Zazi, 28, was arrested in 2009 and admitted he was "recruited" by Pakistani militants to hit the crowded transit system with a series of suicide bombs. He pleaded guilty and was facing life in prison, but his sentence was postponed and he was later reportedly moved to a secret location.
Shahzad, 34, was arrested in 2010 after trying to detonate a car bomb in Times Square. He, too, pleaded guilty and admitted he had received bomb-making training in Pakistan. He was sentenced to life in prison with no parole.
Federal law enforcement officials said they have been tracing other U.S. residents traveling abroad, specifically Somali Americans from Minnesota who have gone to fight in that country. They are also watching several individuals identified soon after the Sept. 11 attacks, such as half a dozen men from the Buffalo suburb of Lackawanna, N.Y., who trained at an al-Qaida facility in Afghanistan.
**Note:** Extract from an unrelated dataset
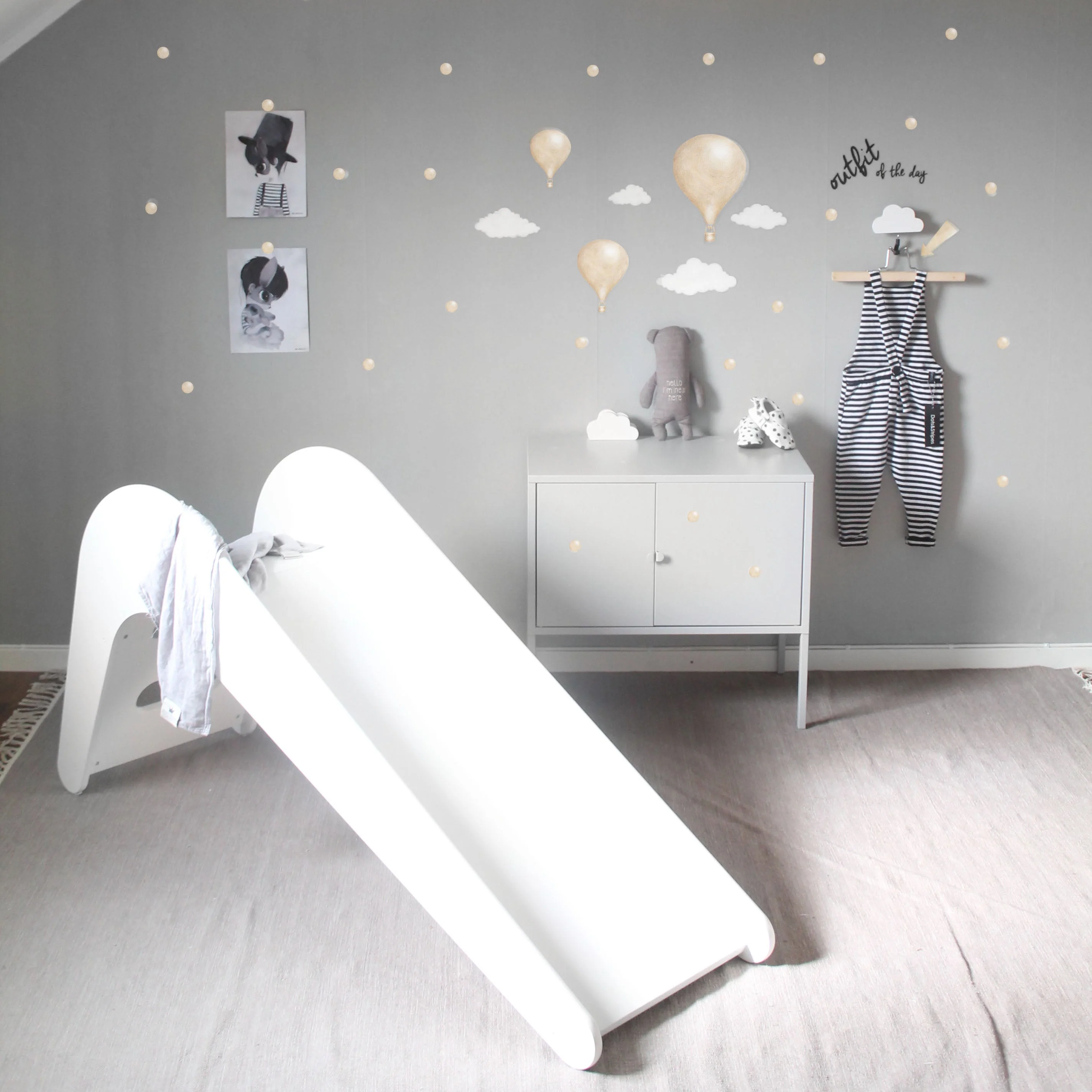 Jupiduu Glijbaan wit hout 145x43x68cm - White Elephant - Image 6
Comey said these suspects are always the most difficult to identify and stop. He suggested it is all the more challenging today because al-Qaida has been "metastasizing" into splinter groups in Iraq, Syria and Libya.
Although the FBI previously had "great success" against al-Qaida in the group's traditional Afghanistan-Pakistan region, he said, "in the ungoverned or poorly governed spaces in Africa and around the Middle East, we see a resurgence of al-Qaida affiliates.